# [Exercise goal]
For every line below that includes the word "para", add one; report the final number and nothing else.

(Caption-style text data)
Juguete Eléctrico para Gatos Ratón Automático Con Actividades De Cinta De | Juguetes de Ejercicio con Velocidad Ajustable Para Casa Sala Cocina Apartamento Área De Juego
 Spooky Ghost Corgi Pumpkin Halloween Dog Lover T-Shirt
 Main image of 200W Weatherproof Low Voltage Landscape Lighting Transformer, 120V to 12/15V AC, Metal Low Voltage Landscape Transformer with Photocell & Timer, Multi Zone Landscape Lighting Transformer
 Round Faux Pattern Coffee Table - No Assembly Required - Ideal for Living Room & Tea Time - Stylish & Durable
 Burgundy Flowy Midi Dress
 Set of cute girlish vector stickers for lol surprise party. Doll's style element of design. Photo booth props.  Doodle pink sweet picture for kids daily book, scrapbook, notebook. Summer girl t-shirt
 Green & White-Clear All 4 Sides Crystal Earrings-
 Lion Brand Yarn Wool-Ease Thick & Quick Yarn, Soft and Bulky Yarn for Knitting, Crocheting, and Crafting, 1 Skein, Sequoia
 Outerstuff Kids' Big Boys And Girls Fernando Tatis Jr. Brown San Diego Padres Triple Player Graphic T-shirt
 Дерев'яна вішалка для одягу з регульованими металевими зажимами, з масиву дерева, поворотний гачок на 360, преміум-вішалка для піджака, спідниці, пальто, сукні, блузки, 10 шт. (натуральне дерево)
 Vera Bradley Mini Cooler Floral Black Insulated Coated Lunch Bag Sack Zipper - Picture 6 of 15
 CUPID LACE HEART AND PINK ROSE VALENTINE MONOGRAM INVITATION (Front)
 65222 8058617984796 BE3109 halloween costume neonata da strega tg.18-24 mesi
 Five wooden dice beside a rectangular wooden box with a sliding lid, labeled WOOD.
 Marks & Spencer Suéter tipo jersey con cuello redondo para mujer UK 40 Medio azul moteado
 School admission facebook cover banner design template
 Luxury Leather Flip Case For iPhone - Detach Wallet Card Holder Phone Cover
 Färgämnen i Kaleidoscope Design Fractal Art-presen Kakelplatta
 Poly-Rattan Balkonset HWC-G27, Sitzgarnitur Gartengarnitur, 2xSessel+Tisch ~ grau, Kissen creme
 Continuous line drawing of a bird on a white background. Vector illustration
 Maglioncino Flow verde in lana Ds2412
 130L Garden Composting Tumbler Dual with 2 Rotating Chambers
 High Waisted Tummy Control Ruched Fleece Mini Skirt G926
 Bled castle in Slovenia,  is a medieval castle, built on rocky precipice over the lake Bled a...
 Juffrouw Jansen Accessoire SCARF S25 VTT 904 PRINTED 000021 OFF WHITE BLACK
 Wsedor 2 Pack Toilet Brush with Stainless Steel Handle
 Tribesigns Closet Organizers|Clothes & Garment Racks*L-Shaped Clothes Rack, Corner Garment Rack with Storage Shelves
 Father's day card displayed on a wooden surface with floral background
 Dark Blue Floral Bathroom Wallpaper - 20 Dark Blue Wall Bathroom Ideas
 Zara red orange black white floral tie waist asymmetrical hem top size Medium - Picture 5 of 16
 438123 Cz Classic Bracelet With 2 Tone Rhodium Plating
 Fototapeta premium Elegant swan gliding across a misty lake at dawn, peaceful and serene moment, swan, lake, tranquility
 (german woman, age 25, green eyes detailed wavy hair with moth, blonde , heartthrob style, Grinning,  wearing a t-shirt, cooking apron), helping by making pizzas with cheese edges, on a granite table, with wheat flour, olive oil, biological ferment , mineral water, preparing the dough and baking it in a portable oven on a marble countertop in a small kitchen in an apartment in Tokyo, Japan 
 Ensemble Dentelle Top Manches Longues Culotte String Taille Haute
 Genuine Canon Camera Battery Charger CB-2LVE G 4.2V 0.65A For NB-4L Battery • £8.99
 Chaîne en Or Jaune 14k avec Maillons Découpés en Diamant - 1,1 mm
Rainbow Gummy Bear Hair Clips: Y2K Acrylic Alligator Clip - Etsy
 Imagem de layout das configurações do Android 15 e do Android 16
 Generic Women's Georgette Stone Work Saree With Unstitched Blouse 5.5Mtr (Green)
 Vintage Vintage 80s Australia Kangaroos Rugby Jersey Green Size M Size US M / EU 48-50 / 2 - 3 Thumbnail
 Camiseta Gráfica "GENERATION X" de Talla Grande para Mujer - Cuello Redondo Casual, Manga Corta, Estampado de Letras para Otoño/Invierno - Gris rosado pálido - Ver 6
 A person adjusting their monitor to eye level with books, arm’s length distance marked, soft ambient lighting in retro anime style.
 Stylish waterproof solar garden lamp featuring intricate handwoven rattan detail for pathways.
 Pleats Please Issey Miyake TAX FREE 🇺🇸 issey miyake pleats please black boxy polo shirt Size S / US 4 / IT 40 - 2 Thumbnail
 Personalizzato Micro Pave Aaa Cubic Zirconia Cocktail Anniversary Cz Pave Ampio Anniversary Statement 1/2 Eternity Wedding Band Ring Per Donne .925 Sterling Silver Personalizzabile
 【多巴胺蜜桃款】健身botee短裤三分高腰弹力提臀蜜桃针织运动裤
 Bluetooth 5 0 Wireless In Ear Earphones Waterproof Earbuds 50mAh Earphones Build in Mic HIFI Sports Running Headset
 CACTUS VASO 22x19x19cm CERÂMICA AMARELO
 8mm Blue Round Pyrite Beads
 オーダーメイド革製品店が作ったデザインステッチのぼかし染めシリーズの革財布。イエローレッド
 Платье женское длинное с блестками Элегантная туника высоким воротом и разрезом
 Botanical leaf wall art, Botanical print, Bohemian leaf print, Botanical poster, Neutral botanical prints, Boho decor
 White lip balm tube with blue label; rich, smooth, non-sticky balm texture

# [Solution for this exercise]
3